Arrumou três tijolos, jogou uns gavetos e um pedaço de papelão e acendeu o fogo nele que queimou. Botou uns pedaços de ripa que juntara na véspera em cima da brasa. Apanhou uma lata de leite grande, encheu de água da torneira e com cuidado despejou os ovos. Levou a lata, colocou sobre os tijolos onde as labaredas subiam das ripas.
Matraquinha alegrou-se ao ver o Dr. Osvaldo chegando com a garrafa de pinga e o copo plástico, que lhe entregou. Ele lambeu os beiços de contente, os olhos brilharam de prazer e sem perda de tempo serviu-se de uma generosa dose. Dr. Osvaldo foi para junto de Pé de Pato, que estava de cócoras e com um pedaço de cabo de vassoura cutucava o braseiro.
- E aí, camarada Pezinho, como estão as ‘coisas’ lá em baixo?
- Tá de boa, tá carregado – respondeu levantando.

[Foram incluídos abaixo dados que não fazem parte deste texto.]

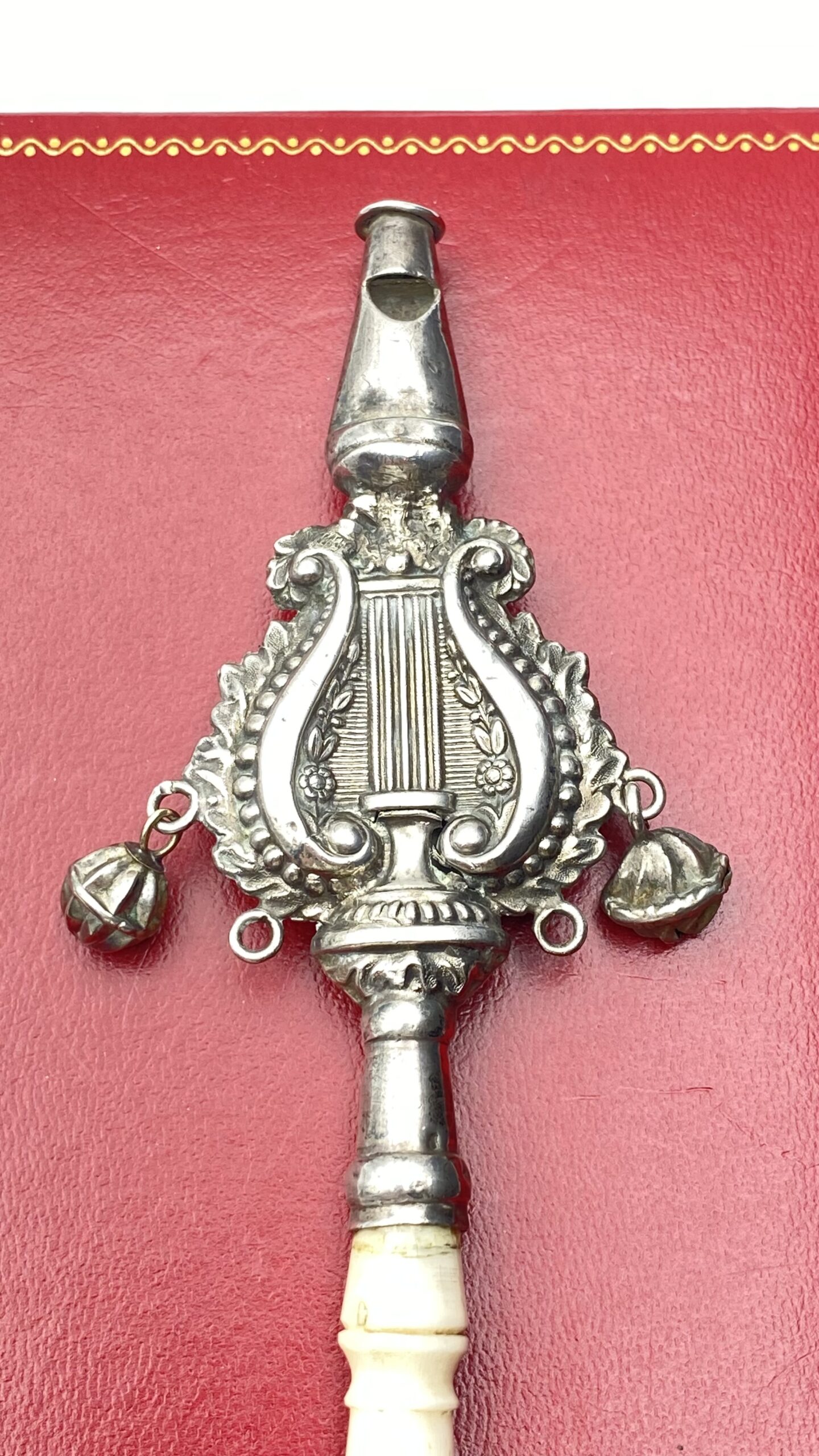 RARO BABY RATTLE IN ARGENTO FINEMENTE SAGOMATO A FORMA DI CETRA, CON FISCHIETTO E PICCOLI CAMPANELLI. PROVENIENZA FRANCESE, 1700. - immagine 2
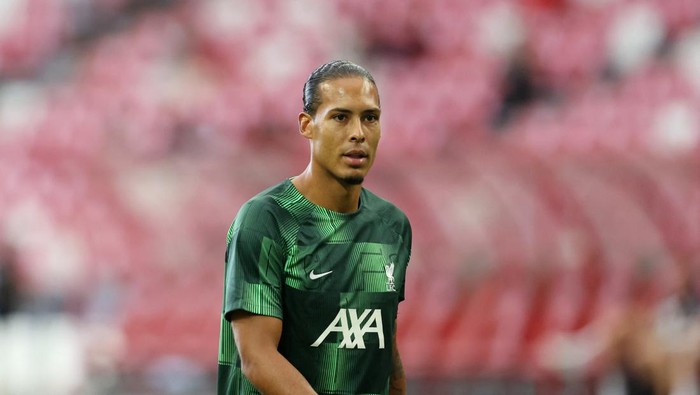Soccer Football - Pre-Season Friendly - Liverpool v Leicester City - National Stadium, Kallang, Singapore - July 30, 2023 Liverpools Virgil van Dijk during the warm up before the match REUTERS/Edgar Su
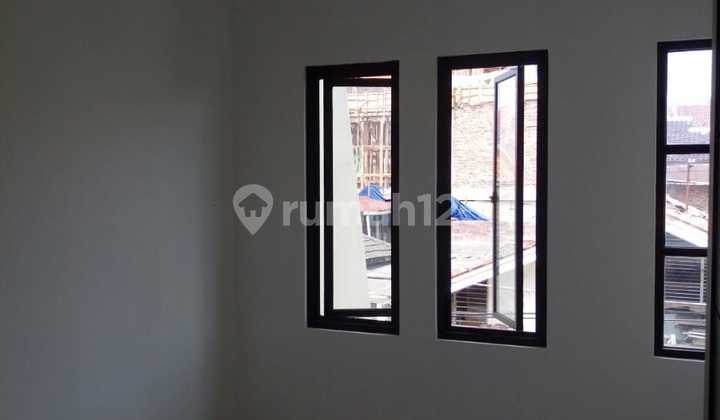 For Sale Ready-to-Occupy House in Rawamangun, East Jakarta 2
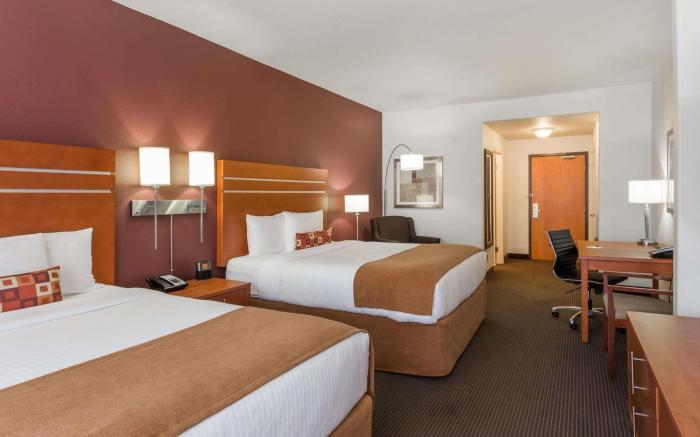 Wingate by Wyndham Calgary South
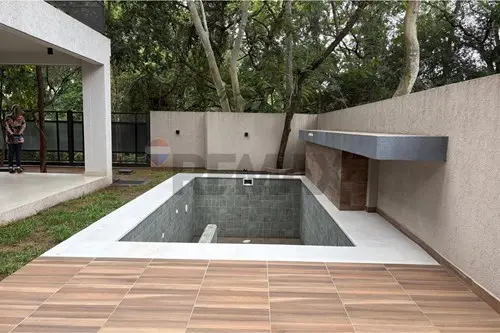 En Venta Casa de Verano, ubicada en AVDA CIERVO CUA RUTA SAN BER - ALTOS. - Photo 2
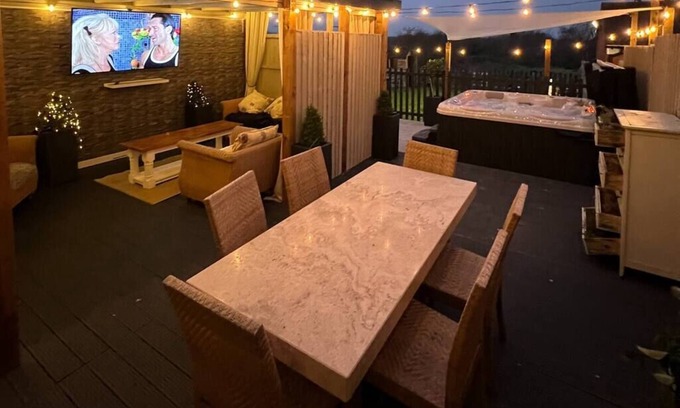 Pershore Cottage | Stunning 5 Bed Victorian home (optional hot tub)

Dr. Oswaldo meteu a mão no bolso dianteiro da calça social, puxou um maço de notas amarfanhadas e delas pescou uma cédula de dez reais e a estendeu para Pezinho, que limpou as mãos na bermuda e a apanhou com avidez.
- Descola dois ‘dólar’ pra gente.
- Na hora, Doutor – e virou caminhando para o extremo da praça, em direção à ladeira do Piancó.
Gato Guerreiro agachou-se perto de Matraquinha, pegou a garrafa, colocou uma boa dose no copo, bebeu num gole só e sentou-se ao lado dele.
- Tu tava tirando espirito, tá suado que nem chaleira – brincou Matraquinha com a língua enrolada.
- Tava fazendo um corre, fui jogar um cachorro morto lá em baixo. Oh! Bicho pesado. Cadê Pezinho?
Quem respondeu foi Dr. Osvaldo, sentado no outro banco, malandramente de pernas cruzadas, comendo os amendoins que surrupiou no Merete e jogando as cascas no chão.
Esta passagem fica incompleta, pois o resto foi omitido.